> **Supplied material**
++++++++++++++++++++

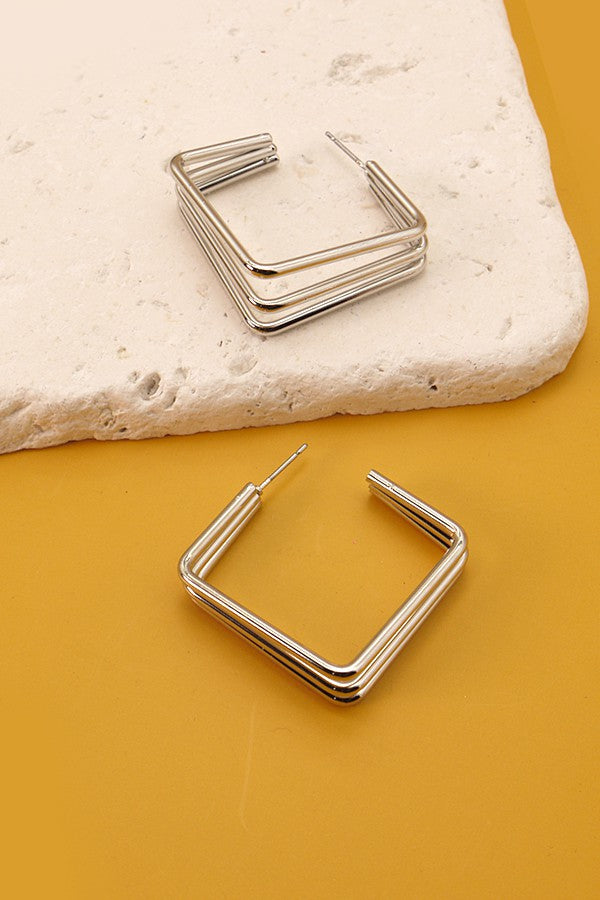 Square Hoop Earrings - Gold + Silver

++++++++++++++++++++

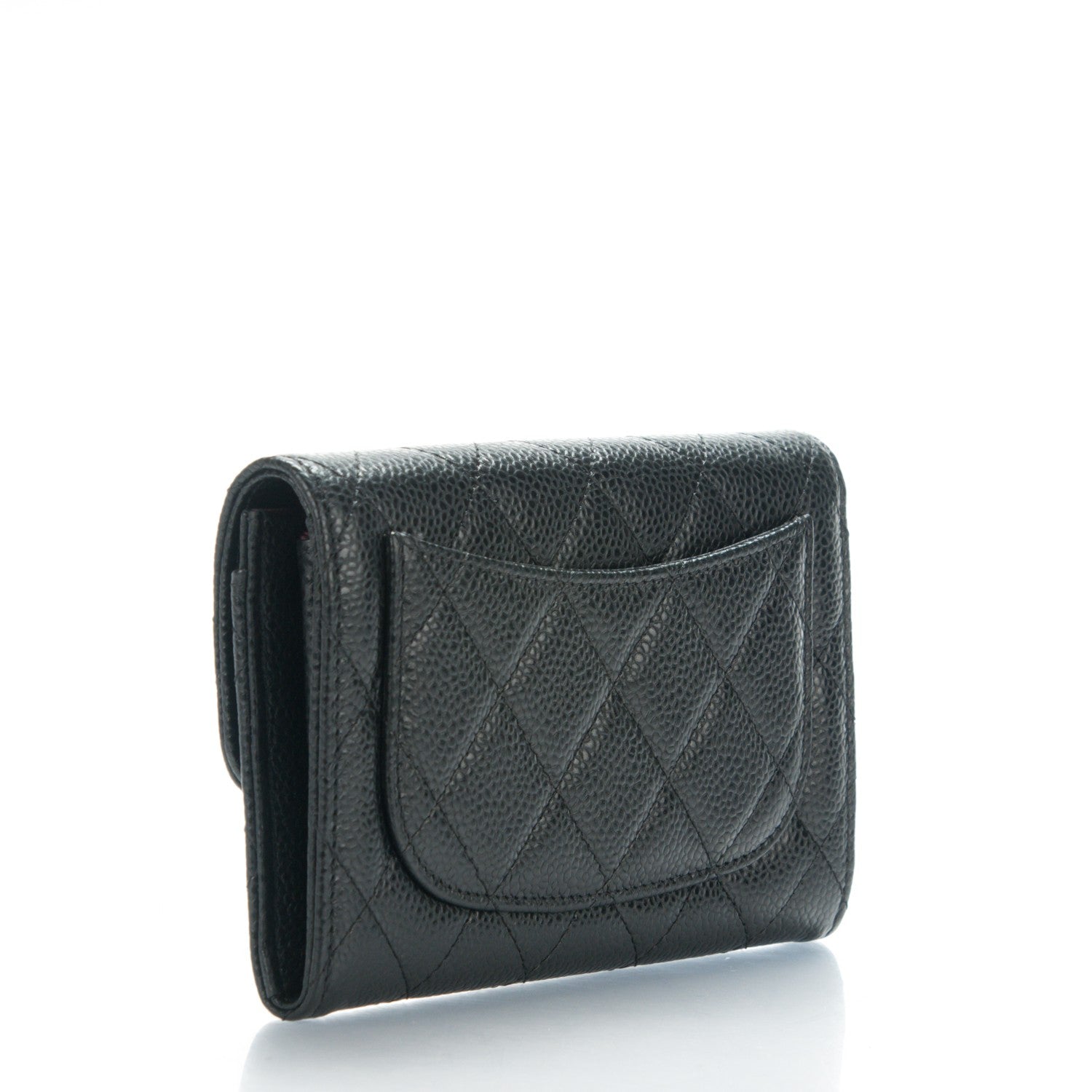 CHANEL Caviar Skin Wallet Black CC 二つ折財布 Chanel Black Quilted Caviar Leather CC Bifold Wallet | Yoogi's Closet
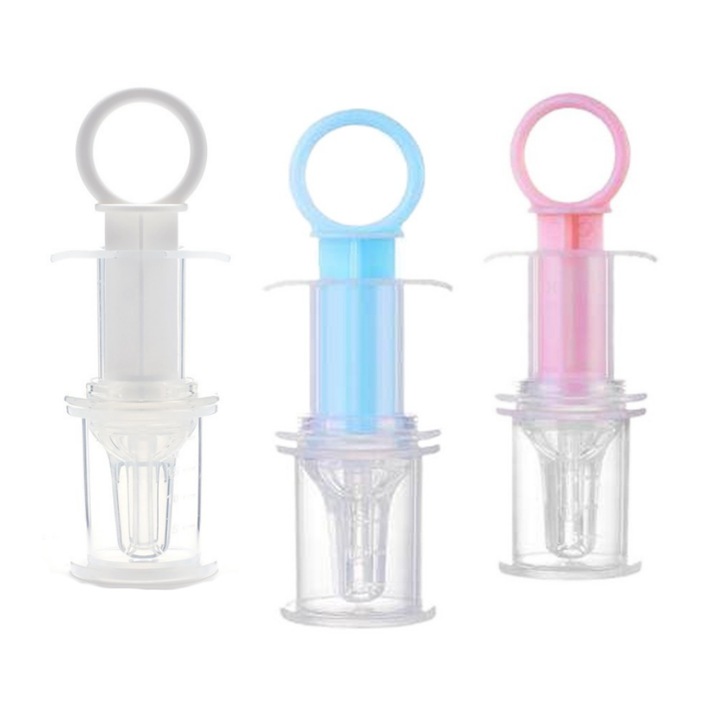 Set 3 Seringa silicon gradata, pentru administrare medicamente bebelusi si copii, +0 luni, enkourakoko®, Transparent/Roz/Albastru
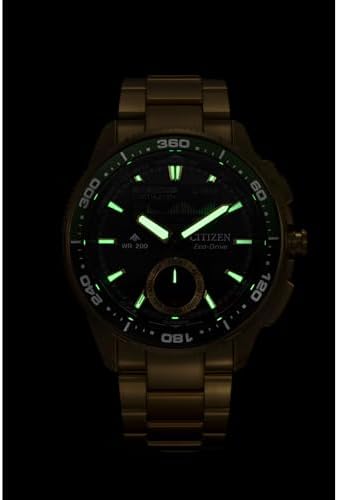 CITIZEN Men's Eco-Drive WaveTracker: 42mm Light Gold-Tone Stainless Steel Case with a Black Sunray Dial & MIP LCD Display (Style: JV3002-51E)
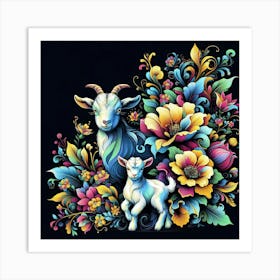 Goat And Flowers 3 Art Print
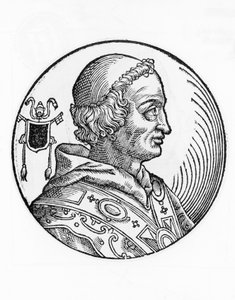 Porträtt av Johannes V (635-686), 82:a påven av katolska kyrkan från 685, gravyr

++++++++++++++++++++

> **Directions for this task**
Using the material above, transcribe exactly the lines from the one holding "CHANEL Caviar Skin" to the one holding "Set 3 Seringa", both ends kept. Do not carry over any pictures.

> **Result for this task**
 CHANEL Caviar Skin Wallet Black CC 二つ折財布 Chanel Black Quilted Caviar Leather CC Bifold Wallet | Yoogi's Closet
 Set 3 Seringa silicon gradata, pentru administrare medicamente bebelusi si copii, +0 luni, enkourakoko®, Transparent/Roz/Albastru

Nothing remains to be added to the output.